Les Français ne sont pas mauvais. Mais les résultats sont alarmants par rapport à notre statut géopolitique. Quand on compare avec des pays similaires, nous sommes en retard. La France a stagné quand les autres progressaient. Pour donner un chiffre, et selon nos statistiques, en 2011, un tiers des étudiants qui entraient dans nos filières d’anglais à la fac n’avaient pas le niveau requis en classe de seconde.
Est-ce que l’apprentissage commence assez tôt ?
L’anglais a sa place dès le CE 1. Mais on ne commence vraiment l’instruction de l’anglais qu’à partir de la 6e.
Qu’est-ce qui cloche donc en primaire ?
Il n’y a pas de cohérence pédagogique. On a tendance à refaire en CM 1 ce qu’on a déjà travaillé en CE 1. Parce que l’approche de la langue est très ludique, à travers des ateliers. Et surtout, parce que les instituteurs ne sont pas assez formés sur ce point. Ils doivent avoir le niveau 2 du CLES (Compétences en langues de l’enseignement supérieur), mais c’est une vérification minimale. C’est comme si on demandait à quelqu’un d’enseigner la géométrie parce qu’il connaît très bien ses tables de multiplication…
Et nos parents, est-ce qu’ils suivaient des cours adaptés ?
Dans les années 70-80, il y a eu un âge d’or. On travaillait beaucoup sur l’oral et l’interaction, au travers de méthodes audiovisuelles. Ce qui manque aujourd’hui à tous les niveaux. Il y a eu un retour à l’écrit à partir du début des années 90.
Mais on ne peut pas mettre toute la faute sur l’école, si ?
Non, au contraire ! Le gros problème français, il est surtout en dehors. Nous ne sommes pas assez confrontés à la langue anglaise.
C’est-à-dire ?
Au Danemark, une large partie des programmes télé pour les petits est en anglais et sous-titrée en danois. On observe un double effet : une meilleure alphabétisation de la langue maternelle et une accoutumance à entendre la musique d’une langue étrangère. L’anglais devient normal puisqu’on a l’habitude de l’entendre.
Doit-on, alors, sortir de l’apprentissage classique ?
Oui ! Il faut arrêter de croire que l’on apprend l’anglais seulement dans le cadre scolaire. Psychologiquement, c’est déjà une barrière ! Par exemple, si les entreprises veulent faire progresser leurs employés dans cette langue, il vaut mieux les envoyer outre- Manche en mission que leur payer des cours. L’idée, c’est de s’immerger dans un bain linguistique pour progresser.

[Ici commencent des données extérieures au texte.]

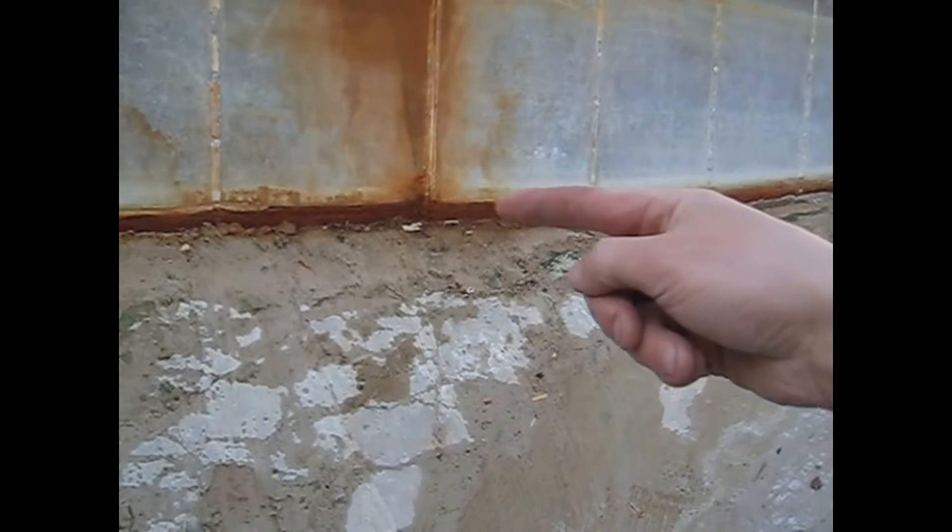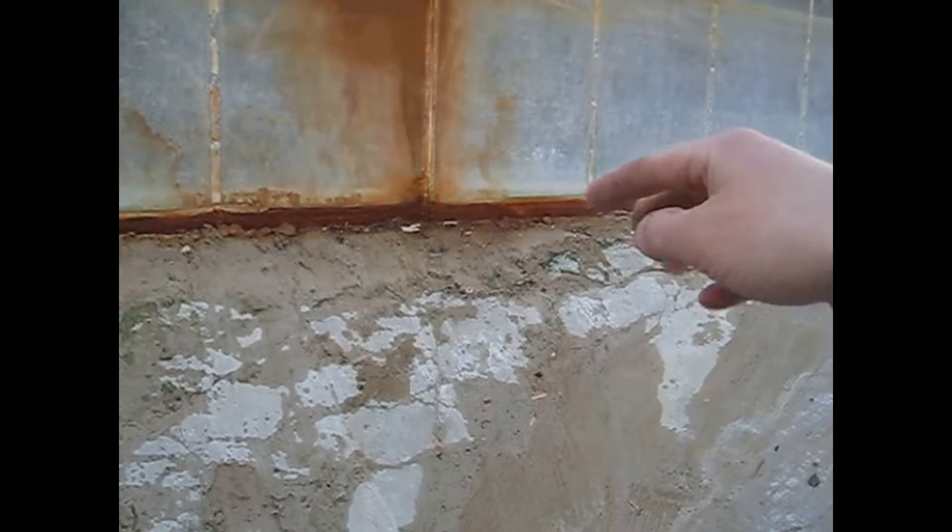So as you can see here — it might be hard to see on the camera — but there's a stream of water leaking down the pool. It's originating from right around here, underneath the pool wall, and it's just trickling down and ends up right at the main drain, pooling here.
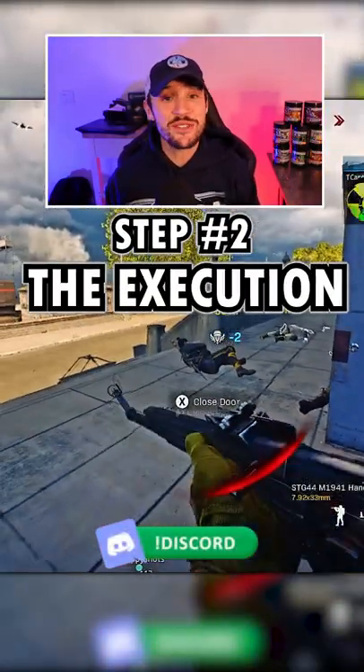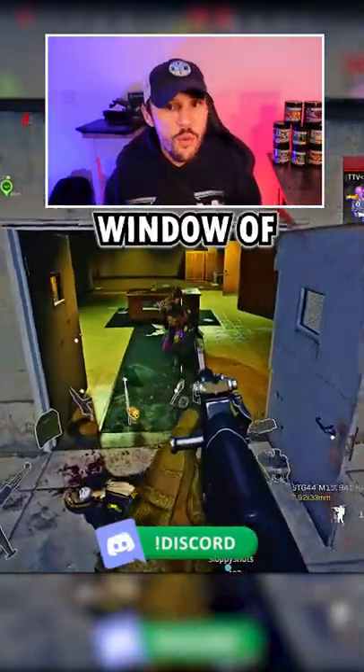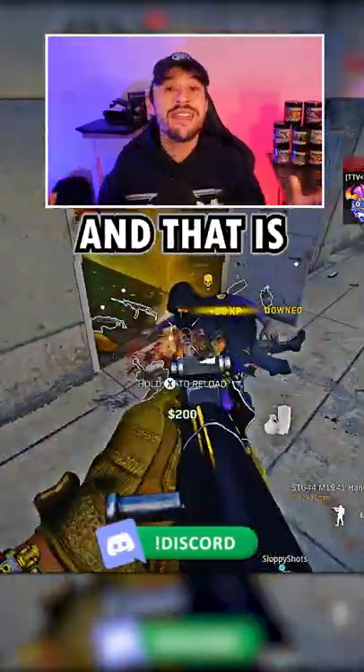Step number two is going to be the execution. I'm going to immediately re-challenge with a jump peek, which allows me to break his camera, giving me a window of opportunity to get the down.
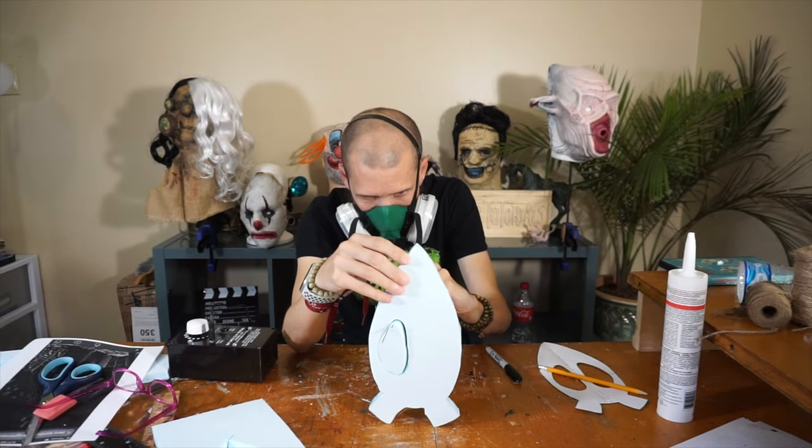That is now dry, so I'm going to take the cutouts and glue them right where they go — just using silicone for that.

Existe-t-il d’autres barrières psychologiques à casser ?
Déjà, arrêtons de dire que les Français sont nuls en anglais. Si on se dit que l’on est nul, forcément, on ne va pas progresser. Nous sommes schizophrènes. On veut être bon, mais on n’arrête pas de se dire qu’on est mauvais. Comme si c’était une fatalité. On ne dit jamais : « Je suis nul en histoire-géo, comme toute ma famille ». Mais pour l’anglais, c’est une excuse toute trouvée…
Et même si on y arrive, l’anglais n’est-il pas trop différent de notre français ?
L’anglais a une sonorité et une accentuation qui sont éloignées de notre langue. Mais c’est loin d’être insurmontable. L’essentiel n’est pas là dans ce débat.
Ne sommes-nous pas aussi trop attachés à notre langue, qui a rayonné dans le passé ?
La défense de la francophonie, c’est un débat d’élites. Franchement, je ne pense pas que cela soit la préoccupation du Français lambda. On est dans quelque chose de politique. Vous regrettez le manque de place pour l’oral.
Avec les nouvelles technologies, les jeunes ne peuvent-ils pas plus facilement apprendre de manière audiovisuelle ?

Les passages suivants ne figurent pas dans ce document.